PUSD Board of Education Convenes Master Planning & Boundaries Committee

Due to lower birth rates, rising housing costs, and the mobility of families, there has been a significant decline in the number of school aged children living in Pasadena, Altadena and Sierra Madre. That trend is projected to continue, so in order to address the related decline in student enrollment and determine how to mitigate its impact on the budget, the PUSD Board of Education has created a Master Planning and Boundaries Committee.

The Board’s Master Planning and Boundary Committee, which is led by Kim Kenne, also includes Pat Cahalan and Michelle Bailey. The stated purpose is: “In order to provide robust, quality programs at each of our schools, in a fiscally stable manner in spite of a declining enrollment environment, the Master Planning and Boundaries committee will review existing site programs and capacities and future expected enrollment, and bring to the board recommendations on the number and location of school sites to maintain for the next 5 to 10 years.”

To give you some context, in 2009 there were 21,000 students in PUSD and today there are 16,000…that’s a decline of 24%. In 2009, there were 19 elementary schools, 3 middle schools, 1 K-8 school, 2 high schools, and 2 middle/high schools. Today, with 5,000 fewer students, there are 17 elementary schools, 4 middle schools, 1 K-8 school, 2 high schools, and 2 middle/high schools.

The committee has been meeting to develop a process and determine what data they need to make their recommendations. At the last meeting, they brought forth numerous factors that could be considered when deciding whether to consolidate or merge a school. The committee agreed that their top factors included facility condition, excess capacity (or limited capacity to increase capacity), student proximity, and socio-economic diversity. Because the board committee believes that it’s important for staff to participate in the process, they have asked staff for their input on additional factors such as special program facilities, transportation, operating costs, and more.

While factors are being considered, the committee has asked staff to consider pros and cons of all the various scenarios and options. For example, what would the advantages and disadvantages be to have 4 high schools vs. 3 high schools vs. 2 high schools vs. 1 high school. It’s easy to cross off the one high school option as no one facility could comfortably house the entire 4,695 high school population. But, what do students gain or lose by having more facilities? How should resources best be allocated so that all students have access to enriching programs no matter which school they attend?

The committee is also discussing what PUSD’s core academic program is, as a way to determine what programs and services every school should have in order for all students to reach their potential, and ensure equity and access for all of our students.
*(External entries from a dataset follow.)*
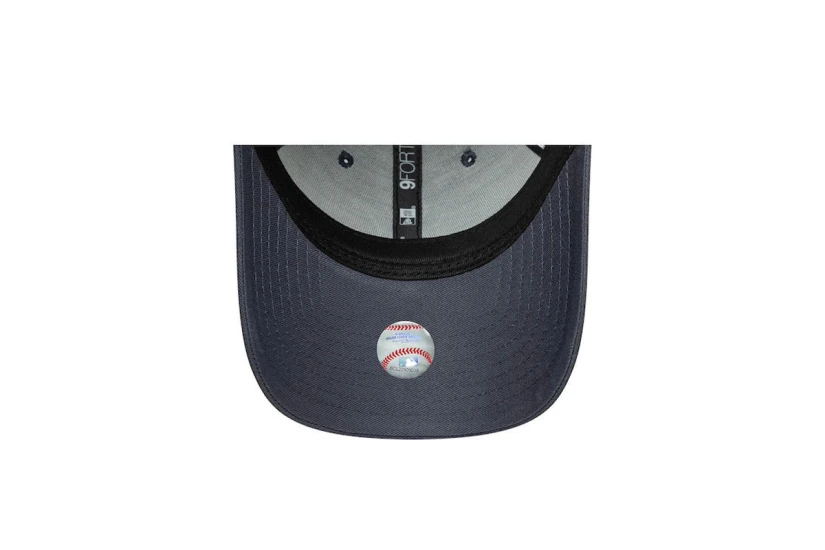 New Era League Essential 9Forty New York Yankees Καπέλο Strapback Γκρι Σκούρο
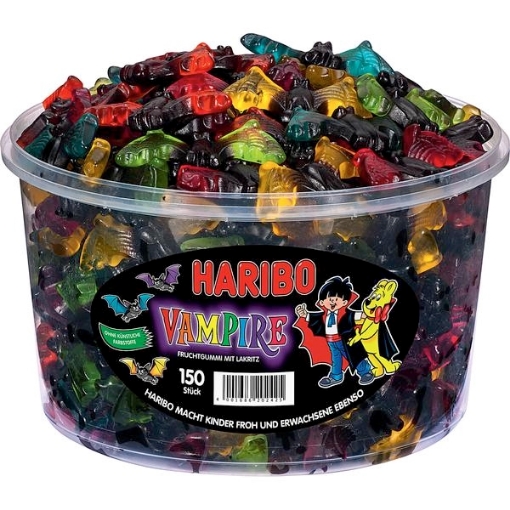 Billede af Haribo Vampyrer 1200 g.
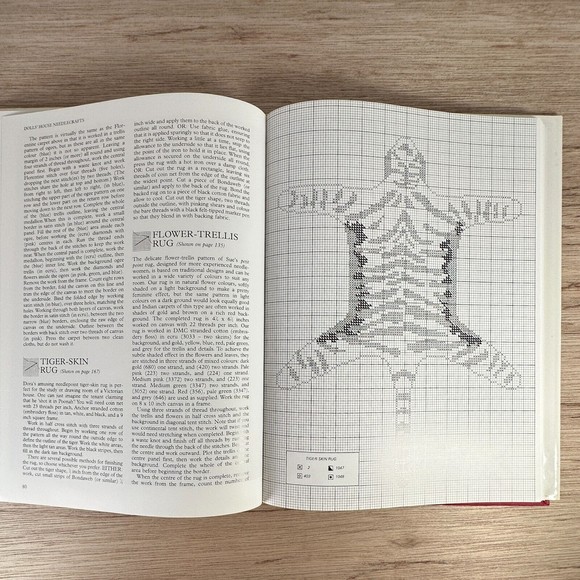 Dolls' House Needlecrafts Book Over 250 Projects in 1/12 Scale by Venus Dodge - Picture 8 of 10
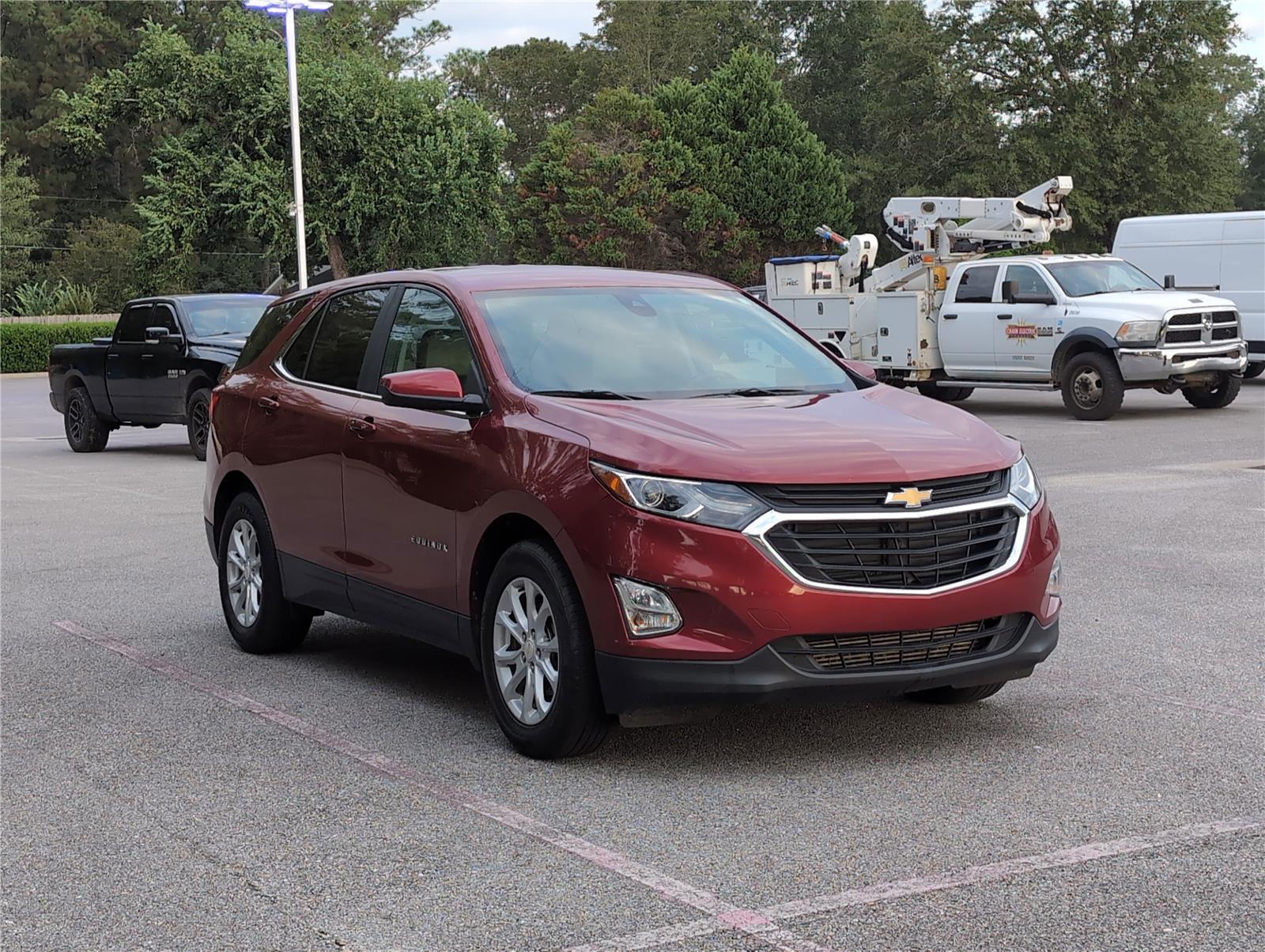 2021 Chevrolet Equinox LT photo 4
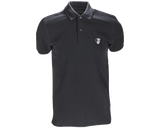 Suavecito Black Polo Shirt - Front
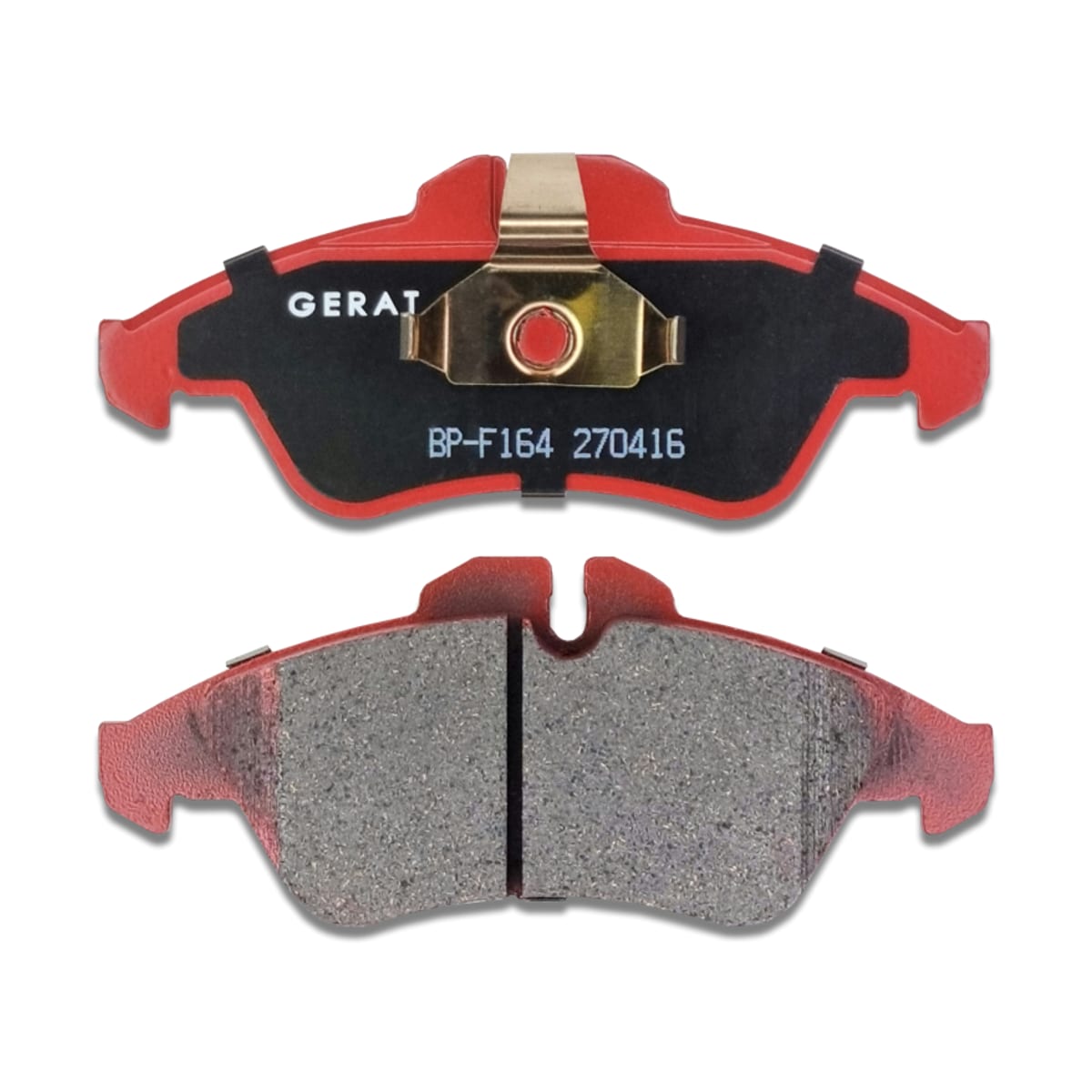 Деталь Gerat Original BP-F164 Колодки Gerat Original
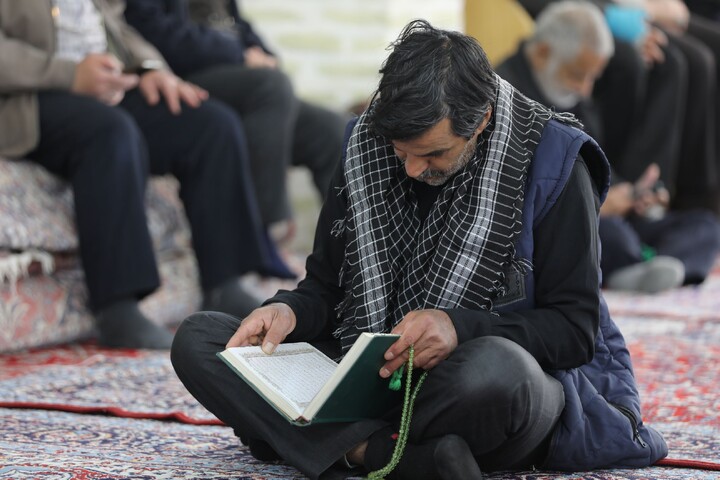 تصاویر/ سومین روز اقامه عزای سیدالشهدای انقلاب در حوزه علمیه استان یزد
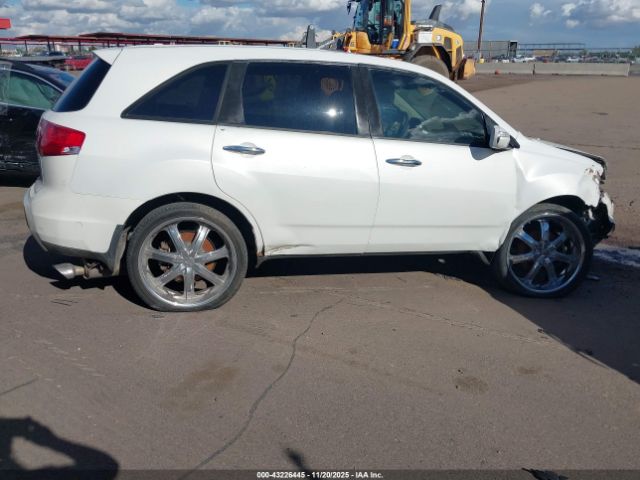 2007 ACURA MDX 2HNYD28497H526394 Photo 3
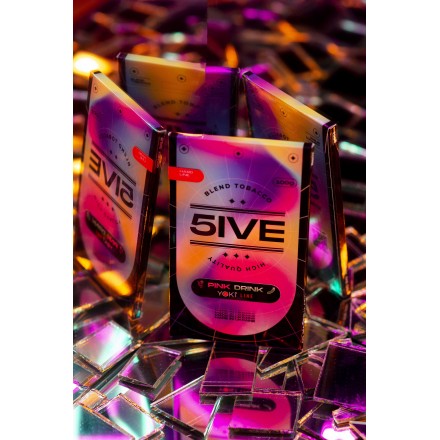 Табак 5IVE Medium Pink Drink 100 грамм (лимонад огурец маракуйя)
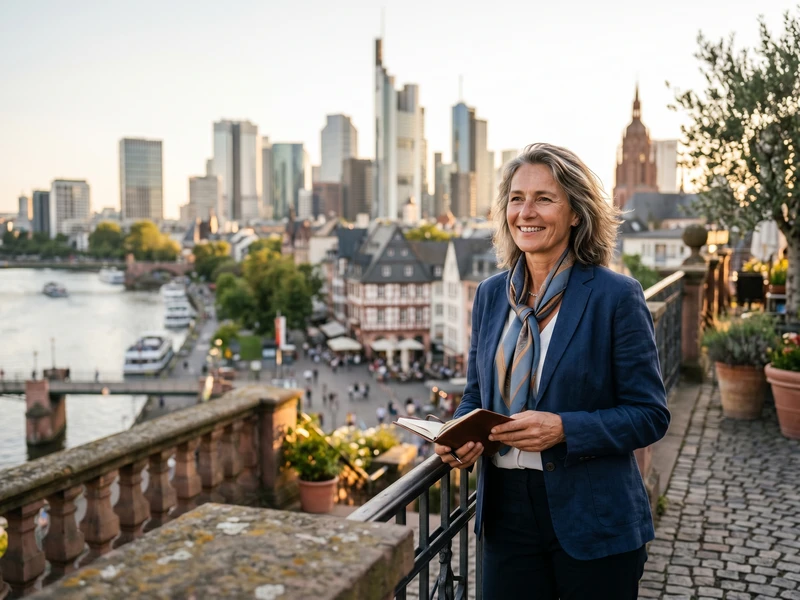 Business class flights to Frankfurt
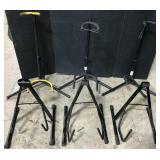 6 Guitar Stands.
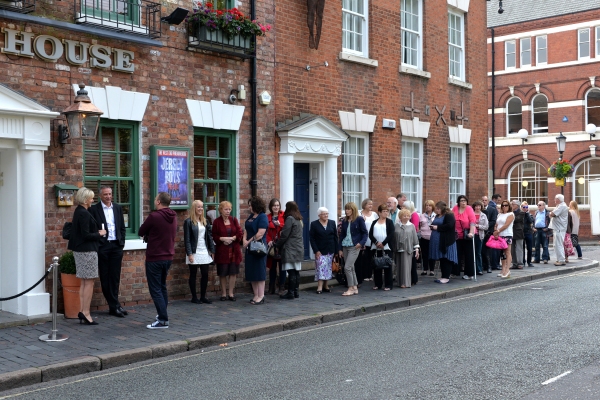 Photo Flash: JERSEY BOYS UK Tour Launches in Birmingham Image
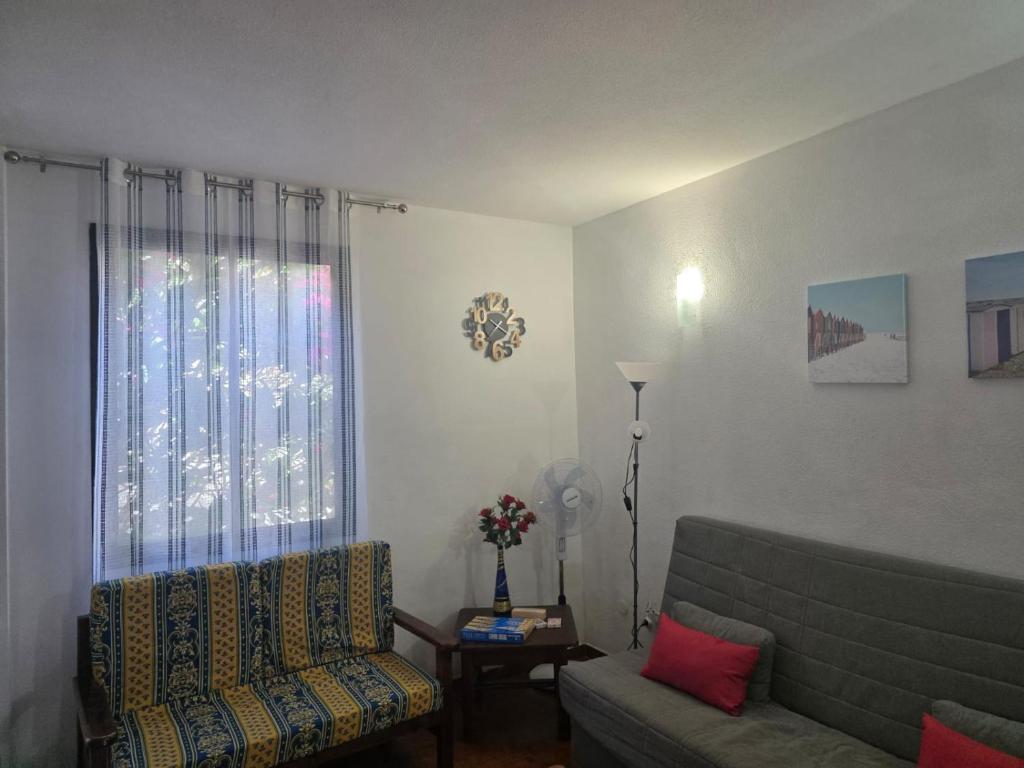 Χώρος καθιστικού στο Pueblo costero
Committee meetings are twice a month through the beginning of September, after which they will bring a final recommendation to the full board. Between now and then, the committee will bring information to the Board to get input and to ensure the integrity of the process. There will also be opportunities for public/parent engagement, and we will keep you informed so you can participate. PEN plans to attend these meetings, keep you up to date on the discussions, and let you know about opportunities to participate. The next meetings are April 22, May 10, and May 20 at the Ed Center, Room 236 at 3:30 pm.